Whenever a line in the records below contains "Commercial", pick it out.

----------

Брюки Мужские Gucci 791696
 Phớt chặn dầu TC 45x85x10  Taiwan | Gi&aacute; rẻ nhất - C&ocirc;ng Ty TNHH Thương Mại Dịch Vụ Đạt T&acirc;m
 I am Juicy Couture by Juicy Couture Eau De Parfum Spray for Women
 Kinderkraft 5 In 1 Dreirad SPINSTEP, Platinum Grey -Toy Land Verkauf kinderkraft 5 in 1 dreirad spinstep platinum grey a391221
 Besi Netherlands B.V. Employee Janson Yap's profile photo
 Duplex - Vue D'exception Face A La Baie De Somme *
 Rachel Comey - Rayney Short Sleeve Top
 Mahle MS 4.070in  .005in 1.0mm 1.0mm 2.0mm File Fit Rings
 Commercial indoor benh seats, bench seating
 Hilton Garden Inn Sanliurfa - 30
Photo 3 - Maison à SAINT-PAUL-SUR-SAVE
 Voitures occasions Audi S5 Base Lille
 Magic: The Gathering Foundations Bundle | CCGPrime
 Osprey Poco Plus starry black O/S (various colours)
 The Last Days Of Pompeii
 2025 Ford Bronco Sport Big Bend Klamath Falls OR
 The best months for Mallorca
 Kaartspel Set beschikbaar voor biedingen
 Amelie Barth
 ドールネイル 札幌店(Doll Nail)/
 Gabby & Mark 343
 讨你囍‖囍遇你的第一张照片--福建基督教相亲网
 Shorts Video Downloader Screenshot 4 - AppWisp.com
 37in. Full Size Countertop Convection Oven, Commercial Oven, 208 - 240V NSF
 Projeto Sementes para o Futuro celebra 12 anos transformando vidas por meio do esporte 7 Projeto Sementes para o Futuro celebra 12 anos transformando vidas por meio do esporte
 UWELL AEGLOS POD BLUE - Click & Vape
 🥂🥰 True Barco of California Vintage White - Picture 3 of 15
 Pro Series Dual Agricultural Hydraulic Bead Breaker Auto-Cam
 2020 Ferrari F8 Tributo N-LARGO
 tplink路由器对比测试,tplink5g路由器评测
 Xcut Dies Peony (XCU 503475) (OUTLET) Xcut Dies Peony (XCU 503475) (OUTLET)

----------

## Final answer
 Commercial indoor benh seats, bench seating
 37in. Full Size Countertop Convection Oven, Commercial Oven, 208 - 240V NSF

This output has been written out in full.